◆ WORK ORDER ◆
The whole listing that follows, pictures excepted, should be printed again exactly as given.

START PROVIDED DATA

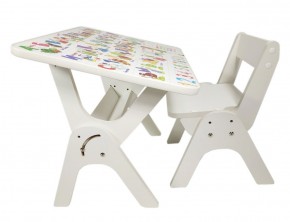 Детский растущий стол-парта и стул Я САМ "Умка" (Алфавит) в Златоусте - zlatoust.mebel-74.com | фото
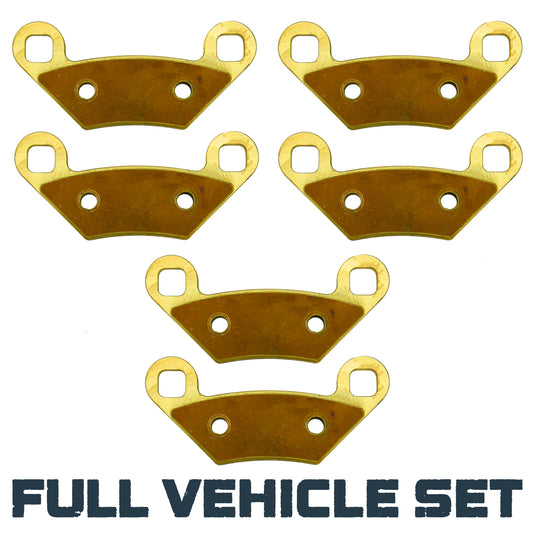 Polaris Sportsman 850/570/550/450 2009-2026 Brass Brake Pad Set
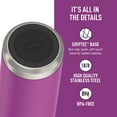 thumbnail image 2 of Thermos ICON Series Kid's Stainless Steel Spout Water Bottle, Plum, 18oz, 2 of 8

END PROVIDED DATA

◆ RESULT OF THIS EXERCISE ◆
 Детский растущий стол-парта и стул Я САМ "Умка" (Алфавит) в Златоусте - zlatoust.mebel-74.com | фото
 Polaris Sportsman 850/570/550/450 2009-2026 Brass Brake Pad Set
 thumbnail image 2 of Thermos ICON Series Kid's Stainless Steel Spout Water Bottle, Plum, 18oz, 2 of 8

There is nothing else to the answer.